With horror the young man realised that he too would one day grow old, get sick, and die. He understood that continuing to live as he was would only ensure that his suffering was inevitable, and so he decided to give up his station and all its privileges to live the life of a religious ascetic. He left his home, his wife, and his son, to follow a succession of different teachers and disciplines before finally one day attaining enlightenment while sitting beneath a pipal tree. Thereafter he was known as the Buddha (“enlightened one”), and spent the rest of his forty-five years of life teaching his ‘Middle Way’ across Northern India. He is said to have breathed his last breath in a forest grove near Kuśinagara, uttering as he died: “Things that arise from causes will also decay. Press on with due care.”

Distinguishing truth from legend in the traditional stories of the Buddha’s life (there are several versions) is of course all but impossible. What we can say is that the historical figure of Siddhartha Gautama was almost certainly born in Lumbini (in modern-day Nepal) somewhere around the year of 563 BC. He was self-evidently a hugely influential spiritual leader, but he was far from the only one of his time. Indeed, he was near contemporaries with Mahavira, the founder of a non-violent, severely austere movement that in time grew to become Jainism.
The Buddha and Mahavira both lived during a period of great change, with new technologies like the iron plough transforming traditional nomadic pastoral communities across Eurasia. As India urbanised in response to these changes, the old belief systems centred around animal sacrifice became ever more elaborate, with hundreds of animals slaughtered at a time in expensive ceremonies. Many seem to have wanted to move away from the blood and fire sacrifices of Hinduism and the early Vedas (by this time nearly a thousand years old), preferring instead to pursue practices based on good conduct. At the same time, the caste system and ideas of racial purity were just then beginning to solidify, further enhancing the social discontent. In response, perhaps as many as sixty-six new belief systems emerged in India around the time the Buddha was teaching his Dharma; he was but one among many wandering yogis teaching something new.
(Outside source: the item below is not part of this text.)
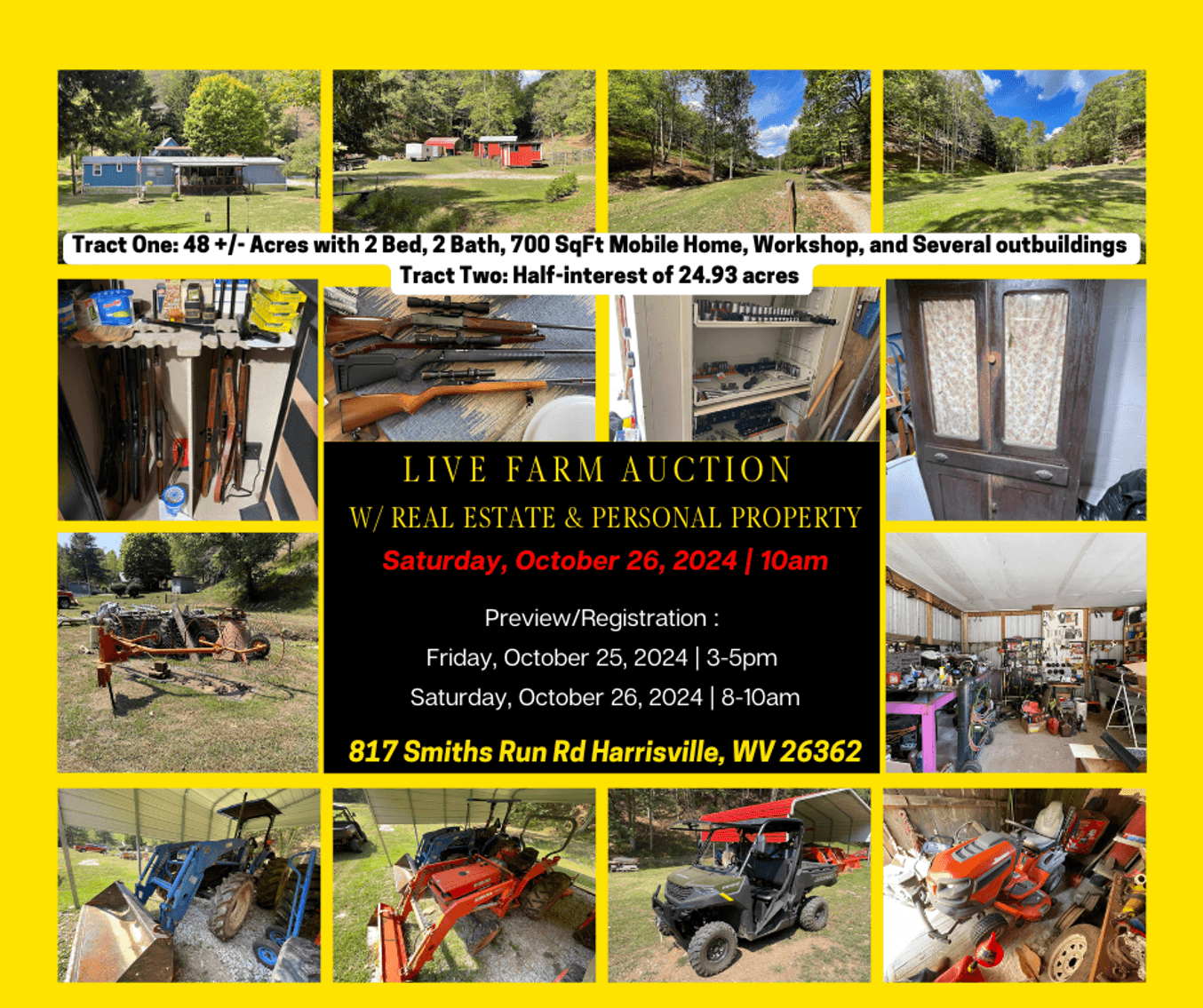 Image for LIVE FARM AUCTION w/ Real Estate & Personal Property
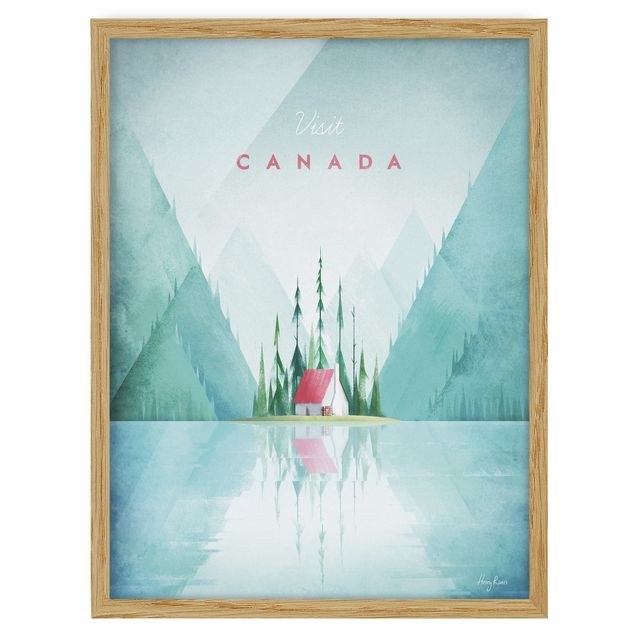 Obrazy w ramie do korytarzu Plakat podróżniczy - Kanada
Buddhism is today the world’s fourth largest religion, with some 500 million adherents making it the majority faith in seven different countries. This then raises the question: why did the Buddha’s teachings spread while so many others fell into oblivion? A Buddhist would probably say its success is due to the truths inherent to the doctrine. But I’d argue networks played a role too.
The first two centuries of Buddhism are almost a complete black hole in the historical record. There are no written texts, no stone inscriptions; the only evidence for the cult’s existence are a tiny number of sites in the same plains of northeast India and Nepal where the Buddha himself preached. One such site discovered by archaeologists at Lumbini showed signs of having been dug into as early as the 3rd century BC, presumably to extract the relics within. The man who had ordered this ancient excavation of a very early stupa must have been none other than the Emperor Ashoka.
Ashoka’s grandfather, Chandragupta Maurya, had met, and supposedly fought alongside, Alexander the Great during his time in India. After winning a great battle against Porus, King of the Punjab, and his armoured elephants along the banks of the Hydaspes River, the story has it that Alexander intended to continue on into the subcontinent, but his soldiers, exhausted from years of conquest far from home, refused to go a step further. The Macedonians turned back, leaving a power vacuum behind in India. One which Chandragupta was only too happy to step into.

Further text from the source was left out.